Case 3.1 mpirun -np 2 ./xxxx
cg: 0.39s          MUMPS (with symmetric setting): 26.2s           MUMPS (without symmetric setting): 50.8s

Case 3.2 mpirun -np 6 ./xxxx
cg: 0.372s        MUMPS (with symmetric setting): 23.4s           MUMPS (without symmetric setting): 43.8s

I have to admit that I find the CG times too small to be credible. The last case should have about 200,000 unknowns. It seems implausible to me that you can solve that in 0.4 seconds on 2 processors. What preconditioner do you use, and do you include the time to build the preconditioner in this time?

My rule of thumb has always been that to solve a problem with 100,000 unknowns on one processor, it takes about a minute. If you have a fast processor, then maybe you can get that done in 20 or 30 seconds, so the times you quote for MUMPS seem not out of the ordinary to me.

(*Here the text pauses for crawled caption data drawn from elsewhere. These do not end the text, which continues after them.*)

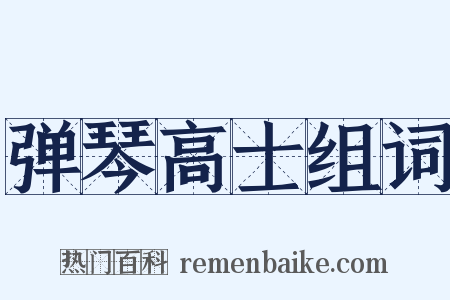 弹琴高士组词是什么意思的图片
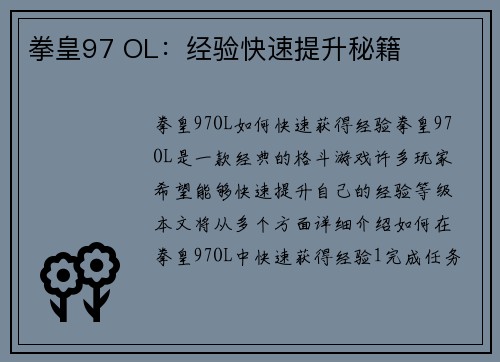 拳皇97 OL：经验快速提升秘籍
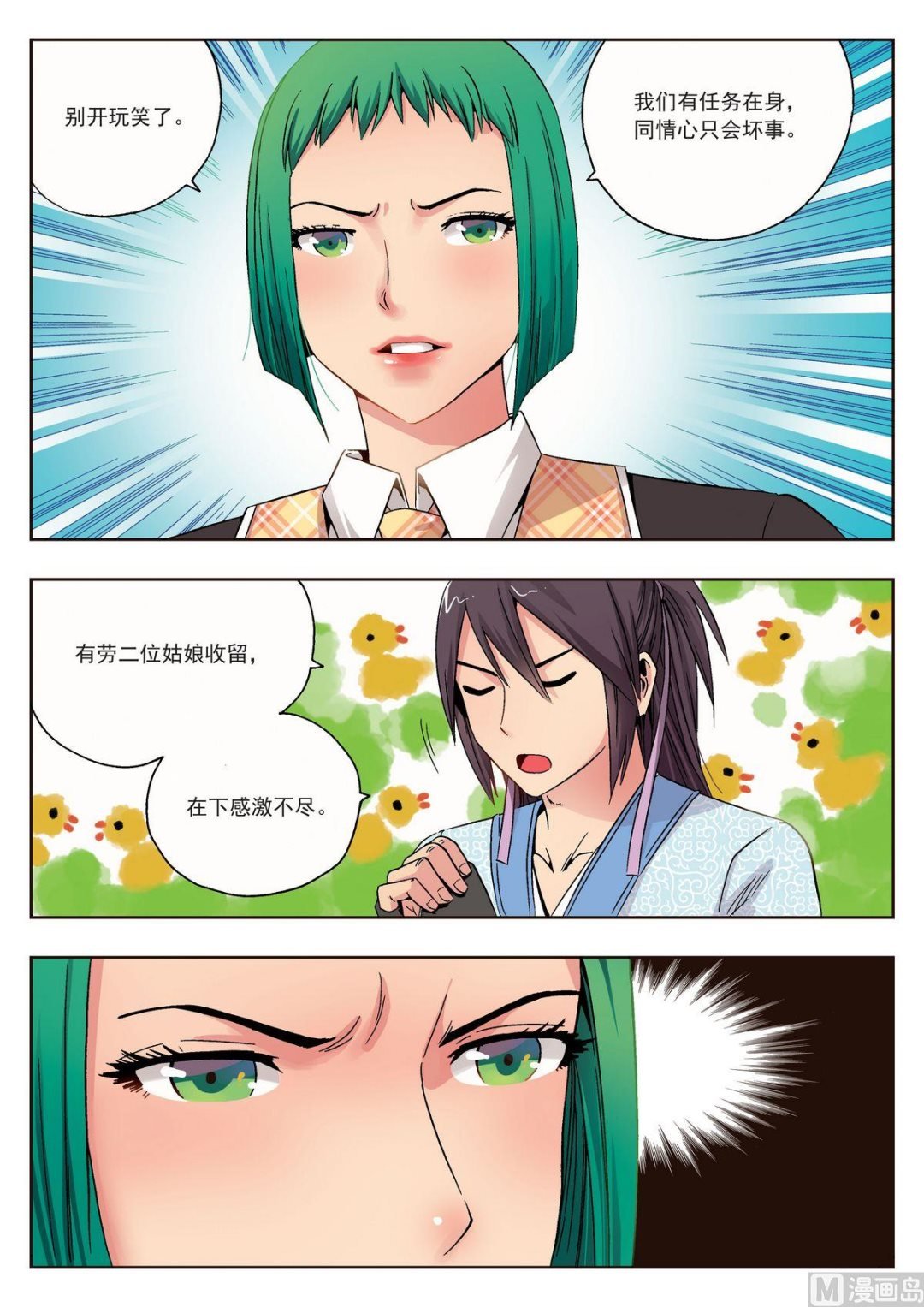 第18话 夜莺之夏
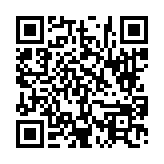 고시/공고 페이지 바로가기 주소(https://www.jangseong.go.kr/q/ezIyOHwyNzYyMnxzaG93fHBhZ2U9MTR9&e=M&s=3), QRCODE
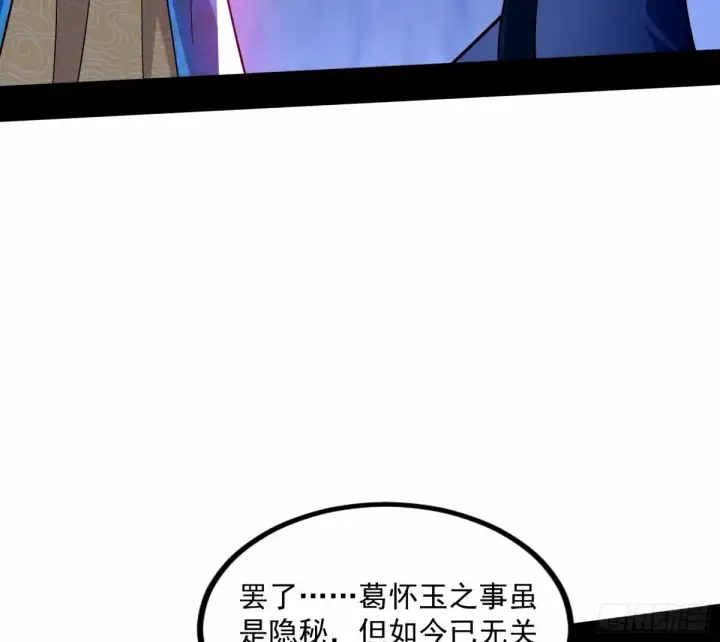 漫画《我为邪帝》给颜如玉的两个选择 【五更】第40张图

*I have another question:*
*For problem with millions of unknowns, the same Dirichlet boundary condition and different right hand sides (e.g. rhs1, rhs2, ..., rhs8). How can I speed up the solution process with (maybe) iterative solver?* I think for a small number of unknowns, maybe I can use parallel direct solver, which can reuse the factorization of the system matrix for rhs2-rhs8 after I solve the solution with rhs1. But for a problem with millions of unknowns, maybe I have to use iterative solver for efficiency. So what solver or what technique should I use to speed up the solution of such a multiple load case problem?

Bruno already gave the correct answer: Build an expensive preconditioner because you only need to build it once. Of course, the best preconditioner is an LU decomposition of the matrix, which is what a direct solver computes.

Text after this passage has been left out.